Peut-il être le sauveur providentiel d’Intel ? Mercredi, le fabricant américain de semi-conducteurs a officialisé l’arrivée de Lip-Bu Tan au poste de directeur général. Figure respectée du secteur, et ancien membre du conseil d’administration, celui-ci faisait partie des grands favoris pour prendre la succession de Pat Gelsinger, poussé à la retraite anticipée fin 2024 après l’échec de son ambitieux plan de relance. Sa mission “ne sera pas facile”, reconnaît-il, dans un message adressé aux employés. Et pour cause: Intel a accusé l’an passé sa première perte annuelle en près de vingt ans. Ses positions sont menacées sur ses marchés historiques, les processeurs pour ordinateurs et serveurs. Sa nouvelle activité de fonderie tarde à décoller. Et ses efforts dans les cartes graphiques dédiées à l’intelligence artificielle ne portent pas leurs fruits.

“Profil idéal” – Contrairement à son prédécesseur, Lip-Bu Tan n’est pas un pur produit de la maison. Il a acquis ses lettres de noblesse chez Cadence Design Systems, l’un des deux spécialistes américains des indispensables logiciels EDA de conception de puces, qu’il a dirigé pendant plus de dix ans. En 2022, il a été nommé administrateur d’Intel, notamment pour apporter son expérience à la branche fonderie. Mais il a démissionné de son poste à peine deux ans plus tard, en raison de désaccords stratégiques. “Il affiche le profil idéal, à savoir une combinaison d’expérience dans le design et dans la fabrication”, souligne l’analyste Patrick Moorhead. À Wall Street, où l’action d’Intel a chuté de 60% depuis décembre 2023, les investisseurs semblent convaincus. Comme ils l’avaient été au printemps 2021 lors de la nomination de Pat Gelsinger…

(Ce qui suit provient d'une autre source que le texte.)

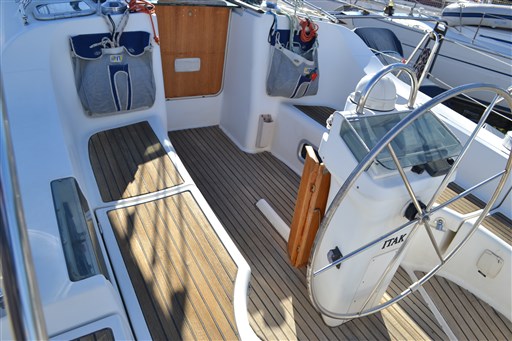 Beneteau Oceanis 393 Clipper 8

Vente de la fonderie ? – La première tâche Lip-Bu Tan sera de décider du sort de l’activité fonderie. Lancée en 2021, celle-ci consiste à graver des composants conçus par d’autres, une révolution pour Intel qui a historiquement bâti son modèle sur l’intégration verticale. Pat Gelsinger prévoyait ainsi d’investir plus de 100 milliards de dollars afin de bâtir de nouvelles usines aux États-Unis et en Europe. Certes, la société a signé quelques contrats emblématiques, notamment pour produire les puces d’IA de Microsoft et d’Amazon. Mais sa fonderie accumule de très lourdes pertes. De nombreux investisseurs réclament à la société de s’en séparer. Un scénario écarté par la précédente direction, qui comptait sur le prochain déploiement d’une nouvelle technique de gravure, devant permettre de combler le retard technologique accumulé sur TSMC.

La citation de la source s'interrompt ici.